Methane gas can be captured underground and used to generate electricity. These pipes are part of a methane capture system at a landfill in the state of Washington. (Photo courtesy King County Solid Waste Division)

Under this initiative, backed by the the Asian Development Bank and the Inter-American Development Bank, public and private sector organizations are working with government agencies to implement methane reduction projects in agriculture, coal mines, landfills and oil and gas systems.

Shindell and his team concluded that the 14 best control measures could slow mean global warming 0.9°F (0.5°C) by 2050, increase global crop yields by up to 135 million metric tons per season and and prevent hundreds of thousands of premature deaths a year.

The measures would provide the greatest protection against global warming to Russia, Tajikistan and Kyrgyzstan, countries with large areas of snow or ice cover.

Iran, Pakistan and Jordan would experience the most improvement in agricultural production.

Southern Asia and the Sahel region of Africa would see the most beneficial changes to precipitation patterns.
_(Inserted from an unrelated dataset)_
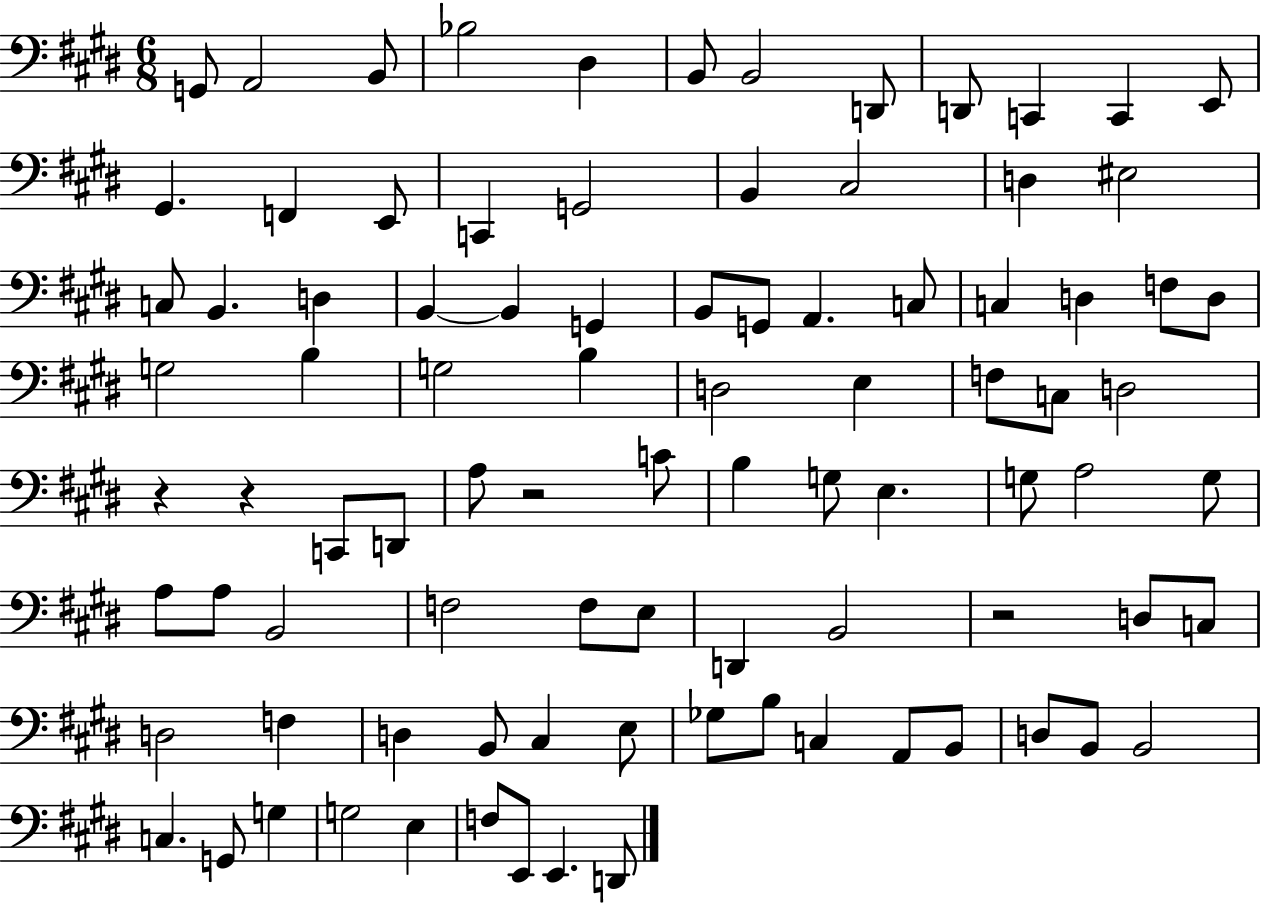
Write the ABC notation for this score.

India, Bangladesh and Nepal would see the biggest reductions in premature deaths. The study estimates that globally between 700,000 and 4.7 million premature deaths could be prevented each year.

“Protecting public health and food supplies may take precedence over avoiding climate change in most countries, but knowing that these measures also mitigate climate change may help motivate policies to put them into practice,” Shindell said.